A Child Tells A Story
Oy, that title alone makes me cringe. It’s kinda so awful, I have to leave it.
Anyway, my three year old and I have both been sick for the past three days. My three year old is sick every three weeks so it’s nothing new to him, but I haven’t been sick in a very long time. It’s also strange – when you calculate your toddler’s temperature and anything under 103 isn’t all that dramatic, but when your temp as an adult goes over 101, you really do get aphasic.
So, we’re both on the mend, and I took over my Dadly duties today (after being bailed out all morning by my mom and sister), and the little guy was very happy to have his dad back. Now, he’s been sleeping horribly. He has the croup, which means his cough is based squarely in his throat, and no amount of coughing gives him comfort. So he’s been waking up every two or three hours, coughing to the point of gagging. It’s terrifying for him, I’m sure, and very often he has trouble even inhaling when he’s going through one of these attacks.

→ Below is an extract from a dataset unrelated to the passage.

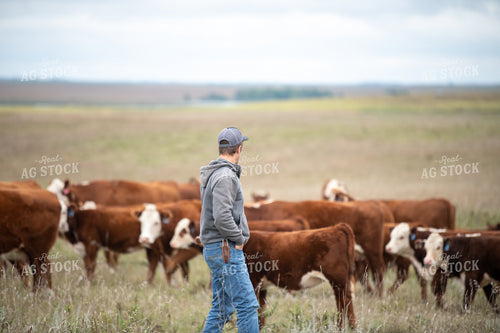 Checking Cattle 212008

But today, although he’s exhausted from a week’s worth of bad sleep, he’s been in mostly a very good mood, and really happy to be with me. One of the things we do, about ten times a day, is tell stories to each other. Don’t get me wrong, we probably watch more TV than your average 21st Century Hover-Parent, but we also read a bit and tell stories and make up songs and all that other treacley shit that makes you roll your eyes when other people tell you about it. I have found, though, that the storytelling he do is the easiest way to get him from a bad mood to a good mood.
At one point, he was sitting on my chest while I was lying on the couch, and we were telling a familiar story about painting two bicycles and going for a ride, when he suddenly started crying. I tried to interrupt him, because I’m an idiot, but after two or three minutes, I realized he needed to take over the story. In his story, Barnaby and Daddy went to the bagel store, but then Daddy left him there by himself. He wandered out into the street and walked around, but there was nothing but strangers there. At one point, he said, “and Barnaby walked down the street with his hands in his pockets, and there wasn’t even a mouse to be Barnaby’s friend”

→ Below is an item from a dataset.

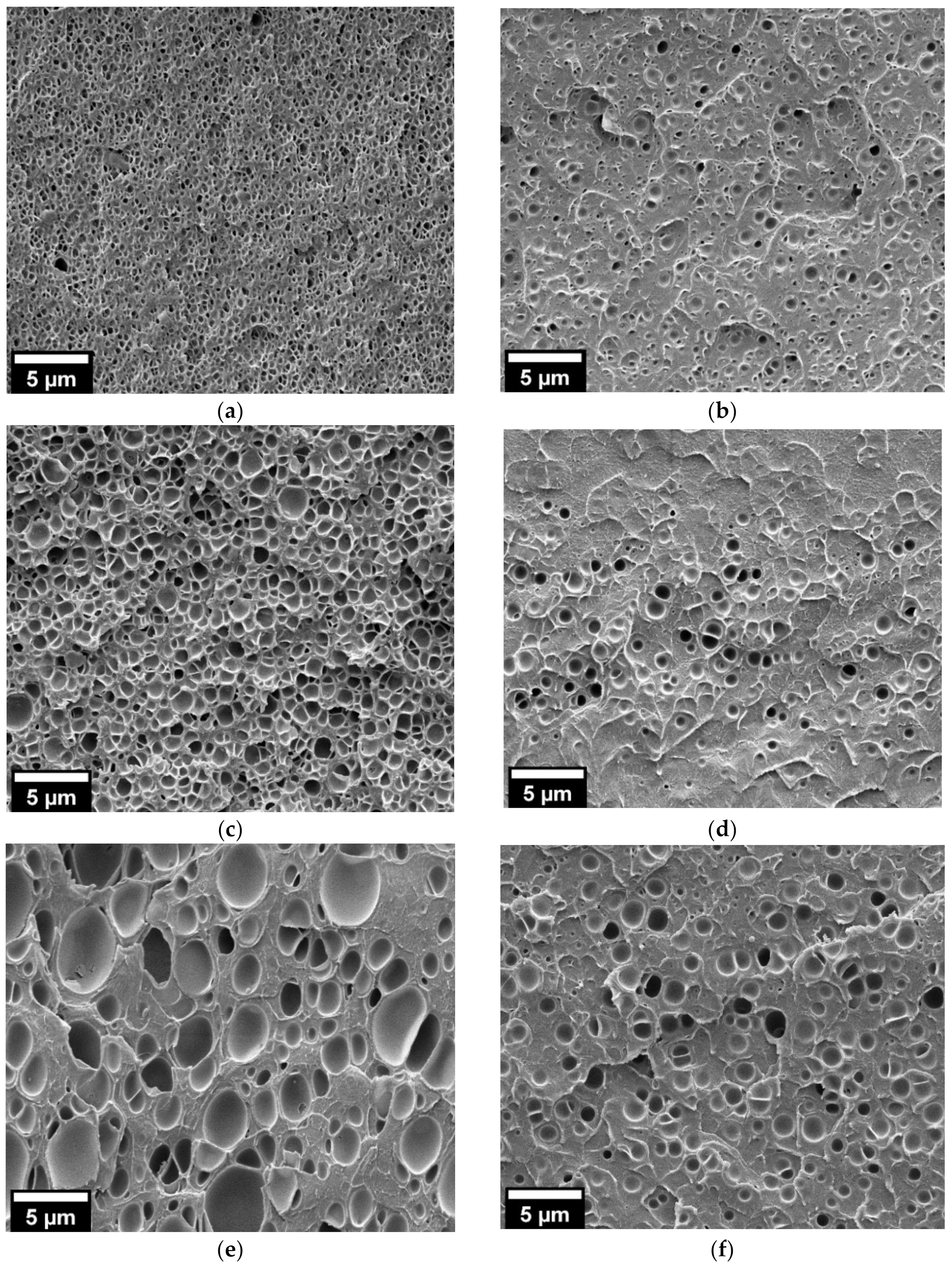 Nanomaterials 11 02834 g002 550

(One time, Barnaby said to my mom, “We should make me some pancakes!” and my mom said, in one of her weird Mormon-pioneer-jokes, “What do you mean ‘we’, do you have a mouse in your pocket?” and Barnaby broke into a huge smile and slowly reached into his pants pocket to try to find the mouse living there. Ever since, he’s had a pretend mouse in his pocket that keeps him company.)
Barnaby’s story got me thinking about how incredible our chosen lives are. There are a fair number of artists, particularly instrumental musicians and modern visual artists, who’s work is largely emotive and allusiory, where they tell a story that hits your hindbrain first, without any narrative. And there are certainly some avant garde theater groups that do the same. But for a majority of us, we’re simply telling stories that upset or inform or entertain us in some way. And when we are feeling sad, or tired, or out of sorts, we really DON’T WANT a feel good story. When you’re depressed, you want to listen to a complicated sad song, you don’t want “Roll To Me”.
And Barnaby, at three, has already caught on to this. Not because he’s particularly smart, I have no evidence that he’s any smarter than any other three year old. But he was sad, he was feeling abandoned, and he wanted a story that he could relate to. When you have tracheal bronchitis, you don’t even really get antibiotics or anything, you just have to work it out. Barnaby has simply been abandoned with this disease, and in the middle of the night, when he wakes up alone and gagging, there is nobody there. He wanted a story that spoke to him.
But the imagery is amazing. Walking the New York city streets, surrounded by strangers, with your hands in your pockets… It’s as if he’s already seen the famous James Dean poster and didn’t tell me.
It was a wonderful reminder that we can continue to be successful if we tell the stories that mean the most to us. I know that right now the MFA programs are focusing on the “quirk” in playwriting, that every play should have a character with a third arm, or a talking piggy bank, or a guy who can’t touch pennies or something, but without telling stories that reflect the human condition, we’re not gonna be important. We just aren’t. In a perfect word, our plays would be well made, commercial AND human, but I think we need to focus on the humanity *first*.